The three-product range, which contains 70% natural juice compared with the current 15%, will hit shelves from late this month. It will be supported by a £4.5m marketing campaign, which breaks in time for the new school term in September.
SDBC said the reformulation and new look would win over lapsed users who had abandoned the brand after a barrage of negative publicity in the late nineties and early noughties.
It had been a challenge to make the drink healthier without compromising the flavour children liked, said Lee Taylor, international technical director at SDBC.

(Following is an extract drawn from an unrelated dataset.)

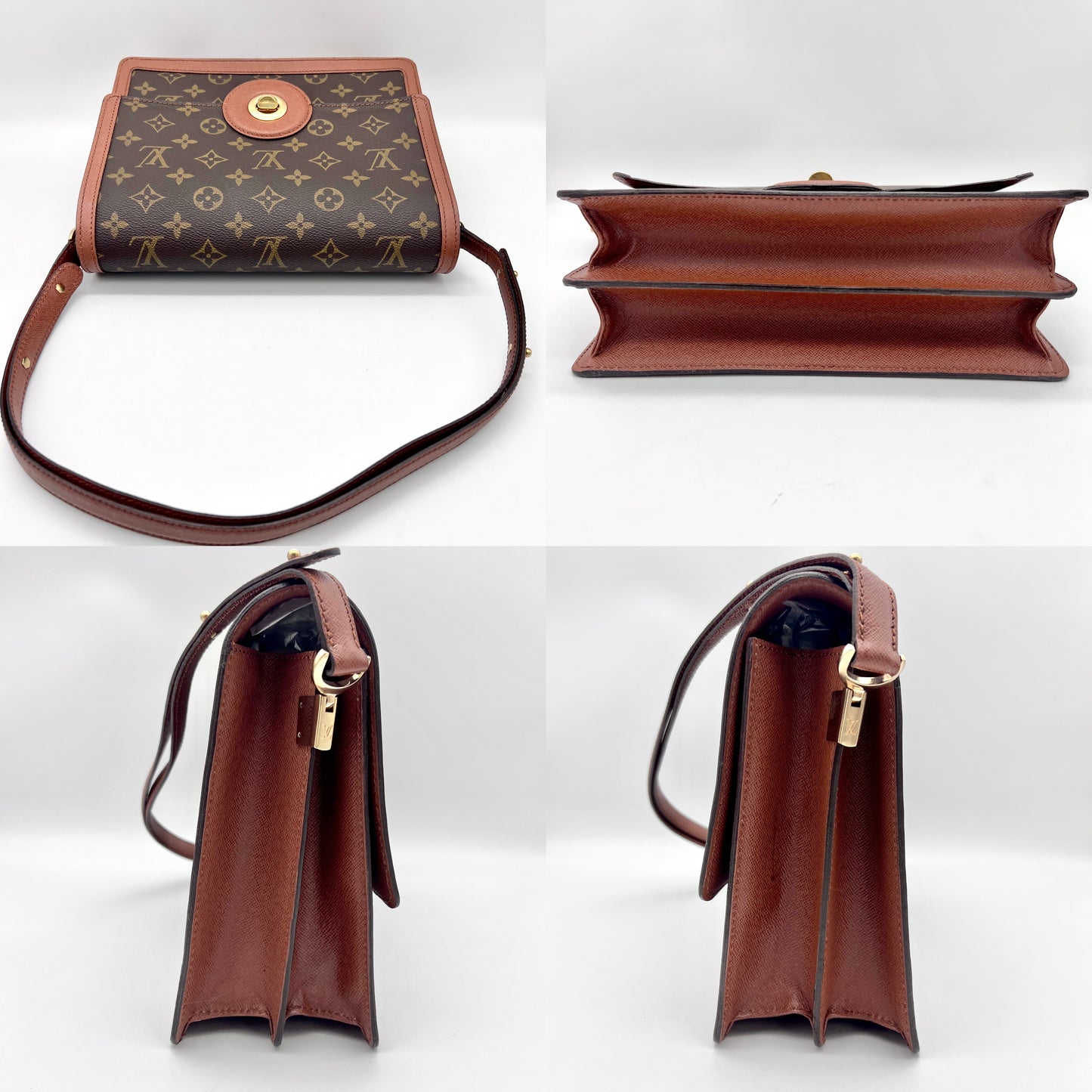 AUTH Pre-owned Louis Vuitton ﾓﾉｸﾞﾗﾑ ﾗｽﾊﾟｲﾕ Ｍ51372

“We are thrilled that the widespread changes we made to our whole manufacturing platform have resulted in a product that is both natural and achieves taste parity with current Sunny D,” he said.
An Apple & Blackcurrant flavour has joined the existing Florida Orange and Caribbean variants. The 1.5-litre bottle will be delisted and replaced with a 1-litre bottle (rsp £1.45), and a new 4x330ml multipack (£3.25) will be introduced alongside the 330ml bottle.
Joe Hale, account director at brand consultancy Dragon, said the relaunch would help satisfy consumer health demands, but warned SDBC to beware the effect on its brand image. “It must ensure it doesn’t detract from its fun proposition and become an overly worthy juice brand, of which there are too many at the moment,” he said.
Procter & Gamble launched Sunny D in the UK in 1994 and sold it to SDBC in 2004.